◆ RECORDS
-=-=-

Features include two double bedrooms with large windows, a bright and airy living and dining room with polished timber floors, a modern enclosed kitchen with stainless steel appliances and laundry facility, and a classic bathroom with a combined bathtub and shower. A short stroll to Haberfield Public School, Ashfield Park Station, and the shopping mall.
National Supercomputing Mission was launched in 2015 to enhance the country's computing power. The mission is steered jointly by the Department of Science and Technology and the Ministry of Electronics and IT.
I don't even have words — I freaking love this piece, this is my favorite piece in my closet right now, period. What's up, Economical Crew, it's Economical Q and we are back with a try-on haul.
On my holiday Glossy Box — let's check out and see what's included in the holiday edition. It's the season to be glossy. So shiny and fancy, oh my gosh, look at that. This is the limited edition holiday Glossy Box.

-=-=-

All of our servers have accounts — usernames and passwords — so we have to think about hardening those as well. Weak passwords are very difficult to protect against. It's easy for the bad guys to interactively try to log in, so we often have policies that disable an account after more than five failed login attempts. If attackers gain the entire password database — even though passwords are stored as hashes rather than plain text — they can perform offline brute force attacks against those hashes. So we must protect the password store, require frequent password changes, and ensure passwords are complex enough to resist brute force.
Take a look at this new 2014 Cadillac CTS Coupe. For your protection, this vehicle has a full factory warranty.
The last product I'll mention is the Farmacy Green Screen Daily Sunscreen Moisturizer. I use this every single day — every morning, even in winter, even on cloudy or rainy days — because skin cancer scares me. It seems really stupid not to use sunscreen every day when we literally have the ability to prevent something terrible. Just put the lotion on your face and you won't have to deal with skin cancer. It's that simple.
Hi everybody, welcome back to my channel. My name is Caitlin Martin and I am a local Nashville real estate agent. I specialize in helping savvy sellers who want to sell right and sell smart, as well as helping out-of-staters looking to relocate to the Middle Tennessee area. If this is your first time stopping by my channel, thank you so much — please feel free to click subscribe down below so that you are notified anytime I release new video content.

-=-=-

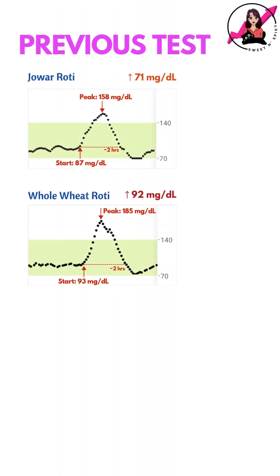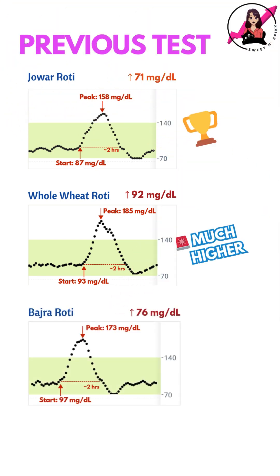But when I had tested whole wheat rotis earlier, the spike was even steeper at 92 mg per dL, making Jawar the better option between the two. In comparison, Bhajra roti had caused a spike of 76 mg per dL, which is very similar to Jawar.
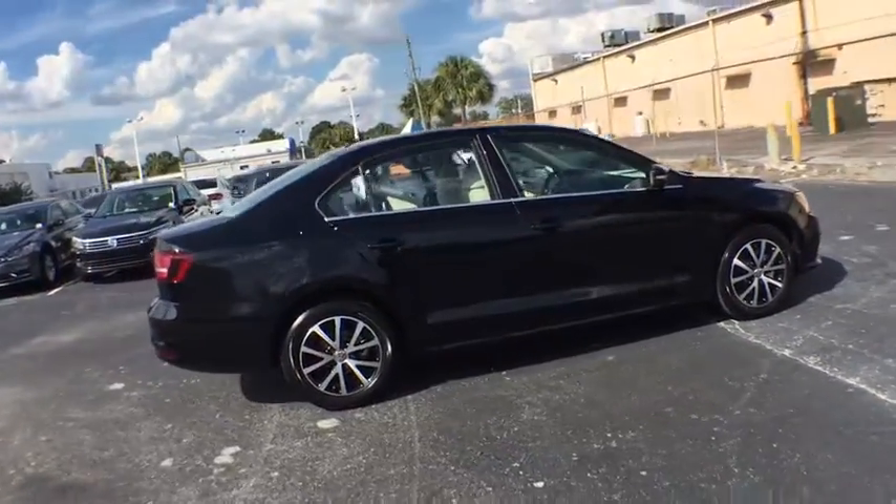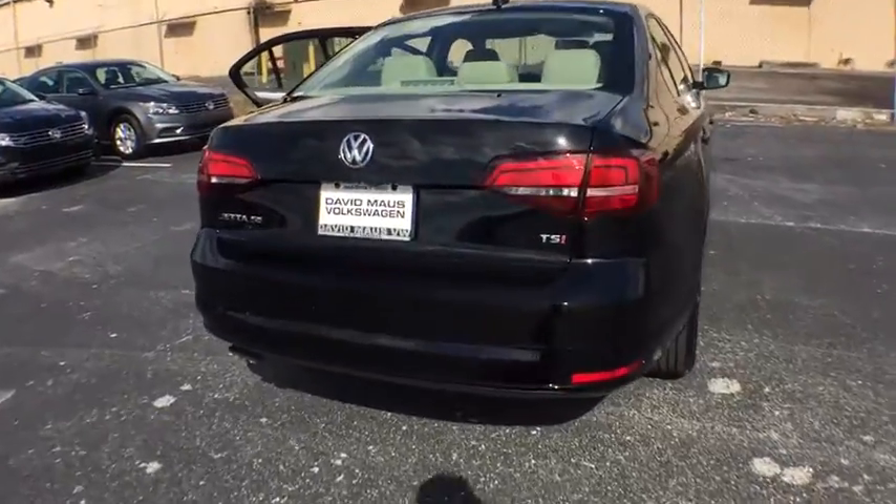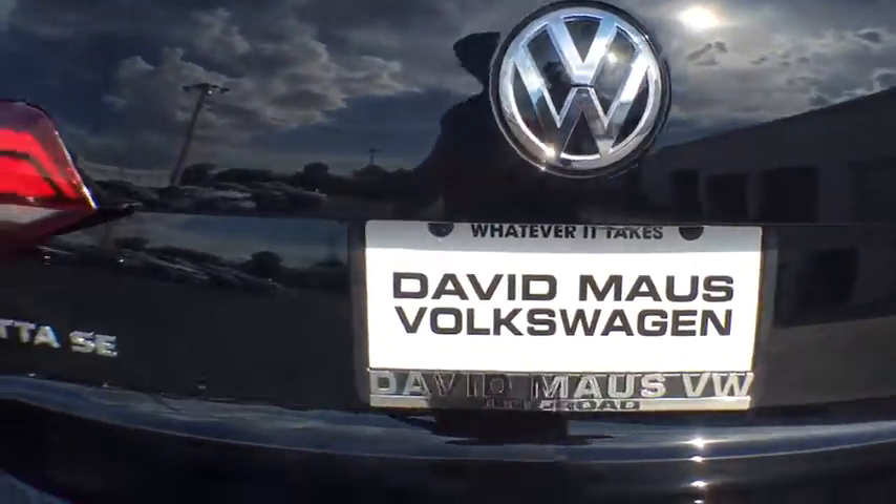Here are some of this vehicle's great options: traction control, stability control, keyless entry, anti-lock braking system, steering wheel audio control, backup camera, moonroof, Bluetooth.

-=-=-

The answer must be every line of the data that contains the word "your".

Take a look at this new 2014 Cadillac CTS Coupe. For your protection, this vehicle has a full factory warranty.
The last product I'll mention is the Farmacy Green Screen Daily Sunscreen Moisturizer. I use this every single day — every morning, even in winter, even on cloudy or rainy days — because skin cancer scares me. It seems really stupid not to use sunscreen every day when we literally have the ability to prevent something terrible. Just put the lotion on your face and you won't have to deal with skin cancer. It's that simple.
Hi everybody, welcome back to my channel. My name is Caitlin Martin and I am a local Nashville real estate agent. I specialize in helping savvy sellers who want to sell right and sell smart, as well as helping out-of-staters looking to relocate to the Middle Tennessee area. If this is your first time stopping by my channel, thank you so much — please feel free to click subscribe down below so that you are notified anytime I release new video content.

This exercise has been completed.